Majority (45.8%) of the study participants mentioned that tap water was the major source of water they use for domestic purposes whereas 3.8% had access to water solely from dam. On the other hand, 39% of them responded that they use tap water, dam and spring, alternatively. Among the 469 respondents, 188 (40%) collected water from the dam for domestic purpose. Of the participants, females (54.5%) were more engaged in collecting water than males (39.5%) (for females, water fetching was the most common activity). On the other hand, majority (86.7 %) of the respondents collected water from the dam at least once per day and a few of them (13.3%) used to collect once per week.

We also assessed the availability of latrine and usage of the respondents. Accordingly, 344 of the respondents possessed latrine, and 254 (73.3%) of them used properly including all members of the family.
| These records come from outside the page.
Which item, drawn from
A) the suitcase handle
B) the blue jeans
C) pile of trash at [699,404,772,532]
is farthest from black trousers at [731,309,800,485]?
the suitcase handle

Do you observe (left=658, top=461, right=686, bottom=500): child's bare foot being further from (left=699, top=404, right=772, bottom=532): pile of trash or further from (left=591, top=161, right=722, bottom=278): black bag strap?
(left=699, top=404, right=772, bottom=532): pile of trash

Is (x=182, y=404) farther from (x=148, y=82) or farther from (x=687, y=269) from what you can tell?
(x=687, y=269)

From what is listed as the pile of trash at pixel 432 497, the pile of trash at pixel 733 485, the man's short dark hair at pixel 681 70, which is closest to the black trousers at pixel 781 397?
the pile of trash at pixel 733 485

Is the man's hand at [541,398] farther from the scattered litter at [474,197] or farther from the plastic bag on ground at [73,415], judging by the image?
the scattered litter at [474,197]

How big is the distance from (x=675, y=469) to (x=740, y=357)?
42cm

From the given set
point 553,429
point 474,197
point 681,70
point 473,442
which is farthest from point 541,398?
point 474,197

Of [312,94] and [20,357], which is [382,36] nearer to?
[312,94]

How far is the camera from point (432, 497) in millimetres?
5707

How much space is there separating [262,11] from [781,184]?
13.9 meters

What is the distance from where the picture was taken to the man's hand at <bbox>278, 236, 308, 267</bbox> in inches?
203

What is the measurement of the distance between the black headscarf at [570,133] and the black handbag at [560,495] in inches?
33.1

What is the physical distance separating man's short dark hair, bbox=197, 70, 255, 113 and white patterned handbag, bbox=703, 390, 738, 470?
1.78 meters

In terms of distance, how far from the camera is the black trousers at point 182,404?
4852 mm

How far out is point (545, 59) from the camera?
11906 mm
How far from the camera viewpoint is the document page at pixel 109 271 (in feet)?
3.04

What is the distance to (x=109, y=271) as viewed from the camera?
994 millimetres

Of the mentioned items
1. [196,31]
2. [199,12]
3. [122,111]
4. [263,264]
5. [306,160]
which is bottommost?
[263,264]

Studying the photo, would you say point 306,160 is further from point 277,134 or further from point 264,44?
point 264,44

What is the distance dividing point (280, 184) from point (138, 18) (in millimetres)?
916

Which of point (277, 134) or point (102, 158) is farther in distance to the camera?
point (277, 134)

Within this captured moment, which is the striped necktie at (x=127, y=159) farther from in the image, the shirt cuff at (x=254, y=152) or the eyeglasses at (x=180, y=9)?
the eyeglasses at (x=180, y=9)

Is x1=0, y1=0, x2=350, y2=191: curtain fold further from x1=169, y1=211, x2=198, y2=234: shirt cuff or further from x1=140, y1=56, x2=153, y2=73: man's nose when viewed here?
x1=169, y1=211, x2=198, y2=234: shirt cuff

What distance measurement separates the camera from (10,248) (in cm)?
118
In contrast, 125 of the study subjects had no access to latrine facilities and defecated indiscriminately in open field (near and away from the dam). Even though 254 of the study participants or their family had the access to toilet, 90 (37.7%) of them used to defecate in the open fields. The activity of the study participants in regard to their contact with the dam water was also determined. Consequently, 213(45.4%) of them had swimming habit and among the swimmers, 4% had used to swim always, 53% sometimes and 43% of them swam occasionally in dam water. Males had higher practice of swimming (70.4%). Swimming in dam water was most commonly practiced by the children belonging to the age group of 10-14 years. Besides, majority (58%) of the study subjects reported that they took bath in the dam and 42% of the participants reported they used pipe water for bathing. Of the dam users for bathing, 180(66%) and 92(34%) were males and females, respectively. Seventy six percent of female students used exclusively pipe water for bathing. Children in the age of 10-14 years were more likely to bath in the dam.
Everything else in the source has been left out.